Search code examples
pythonrawstring

Create and parse a Python Raw string literal R""


Edit
I'm not sure if this question is being read correctly.
I already know what string formats are in Python.
Every single little detail, I already know.
Please stop directing me to questions about string types in Python.

This is a specific question that has to do with the problem string delimiter
in the body of a raw syntax construction.

I want to know why I can't use the raw syntax r"" or r'' form on this
raw string "word's" and have it exist in a variable just like this.

It doesn't matter why I want to do this, but I've explained below.

Thanks.


I'm just going over a some syntax rules to parse and create
strings using the Raw String Syntax rules for r' ' and r" ".

For the record, I have read the docs and rules on raw strings.
The question is specific to escaping the delimiter within the raw string.

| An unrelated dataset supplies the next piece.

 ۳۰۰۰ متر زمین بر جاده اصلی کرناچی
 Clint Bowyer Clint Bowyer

I have a utility that parses/makes other string types and is used
in production code.

I'm perplexed that Python does not remove the escape of the escaped delimiter when the string is in a variable.

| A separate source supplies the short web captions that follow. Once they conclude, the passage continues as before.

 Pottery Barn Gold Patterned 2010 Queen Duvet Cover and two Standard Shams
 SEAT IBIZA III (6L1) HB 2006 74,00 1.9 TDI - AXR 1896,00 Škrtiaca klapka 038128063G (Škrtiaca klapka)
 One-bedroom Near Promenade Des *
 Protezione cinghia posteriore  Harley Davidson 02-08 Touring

Is this by design, ie. NOT removing the escape on the delimiter or what I am
hoping, just a missed part of the parse process.
Basically, a bug ?

The string is not really a raw image of the original if after parsing, it does
not look like the original.
After parsing, in a variable, it now becomes useless.

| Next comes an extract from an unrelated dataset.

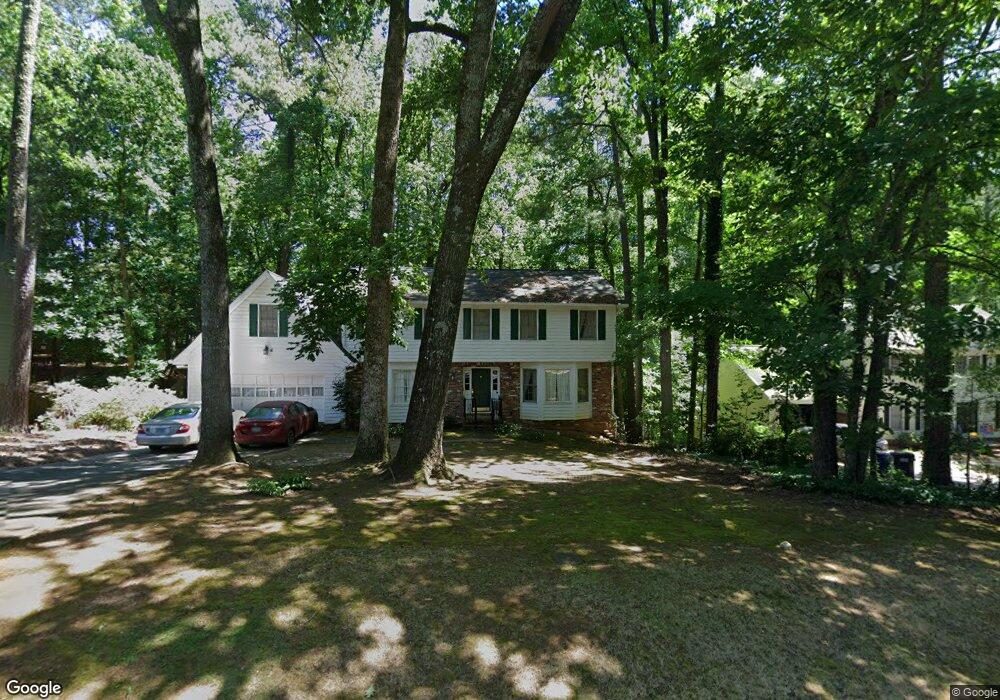 5204 Willow Point Pkwy, Marietta, GA 30068 - photo 1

Is this an oversight and possibly something that will be corrected in the future?

As it is now, in my utility, I can only create a raw syntax form, but due to
this bug, I cannot parse it unless I take off the escape from the delimiter.

I mean, I guess I could do this as it is a direct inverse of making the string,
but it's disturbing that the lexical parser leaves this artificial escape in the variable after
the parsing process.

Here is some code I used to verify the problem:

Code

#python 2.7.12

print "Raw targt string test = \"word's\""

v1 = r' "word\'s" '     # => "word\'s" 
v2 = r" \"word's\" "    # => \"word's\"

print "using r' ' syntax, variable contains  " + v1
print "using r\" \" syntax, variable contains  " + v2

if len(v1) == len(v2) :
   print "length's are equal" 
else :
   print "length's are NOT equal" 

Output

Raw targt string test = "word's"
using r' ' syntax, variable contains   "word\'s" 
using r" " syntax, variable contains   \"word's\" 
length's are NOT equal

Either


Solution

  • To quote the Python FAQ, raw string literals in Python were "designed to ease creating input for processors (chiefly regular expression engines) that want to do their own backslash escape processing". Since the regex engine will strip the backslash in front of the quote character, Python doesn't need to strip it. This behavior will most likely never be changed since it would severely break backwards compatibility.

    So yes, it is by design -- although it is quite confusing.

    I want to know why I can't use the raw syntax r"" or r'' form on this raw string "word's" and have it exist in a variable just like this.

    Python's raw string literals were not designed to be able to represent every possible string. In particular, the string "' cannot be represented within r"" or r''. When you use raw string literals for regex patterns, this is not a problem, since the patterns \"', "\', "', and \"\', are equivalent (that is, they all match the single string "').

    However, note that you can write the string "word's" using the triple-quoted raw string literal r'''"word's"'''.